Caio Cestio, proprietario della Piramide
La Piramide Cestia deve il proprio nome a Caio Cestio. Ma chi era costui? Caio Cestio, che volle una piramide come sua personale tomba, era un membro di un importante collegio dell’Antica Roma. Se siete curiosi, controllate se è in programma una visita guidata alla Piramide in questo mese. Come ben tiene a precisare nell’iscrizione presente sulla piramide, era infatti membro del collegio sacerdotale degli Epuloni creato nel 196 a.C. con l’incarico di curare la preparazione e la celebrazione dell’Epulum Iovis.

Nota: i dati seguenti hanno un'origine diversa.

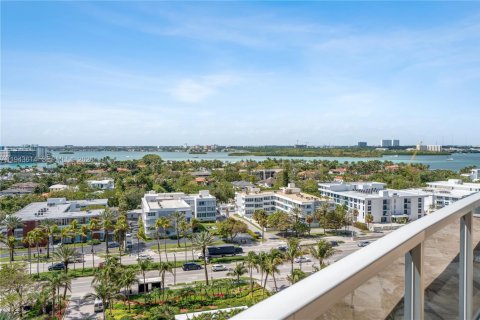 Condo in Bal Harbour, Florida, 4 bedrooms  № 2009880 - photo 24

Questo era un sacrificio in forma di banchetto – in latino appunto epulum – che si celebrava in occasione dei festeggiamenti annuali della fondazione del tempio di Giove Capitolino, in onore appunto di Giove, Giunone e Minerva. Essere un epulone voleva dire aver raggiunto un’elevata posizione sociale e quindi molta ricchezza e potere!
Gli arazzi detti Attalica
Tutta questa ricchezza portò il nostro Caio Cestio ad acquistare degli arazzi molto pregiati, detti Attalica dal re di Pergamo Attalo I (il primo a possedere arazzi di questo tipo). Quale era la particolarità di questi arazzi? Quella di essere realizzati con preziosi fili d’oro! E ovviamente, proprio come i potenti faraoni, Caio Cestio voleva portarseli nella tomba, ma Augusto aveva appena promulgato una legge che vietava l’ostentazione del lusso e quindi la famiglia non poté esaudire la richiesta. Fu così che decisero di vendere i preziosi arazzi e con il ricavo fecero realizzare due colossali statue in bronzo dorato da posizionare proprio all’ingresso della Piramide. E sulla base delle statue, oggi ai Musei Capitolini, fu inciso il testamento lasciato da Caio Cestio con le disposizioni per la costruzione della Piramide, le tempistiche di esecuzione e i nomi dei beneficiari tra cui compare anche Agrippa, genero di Augusto.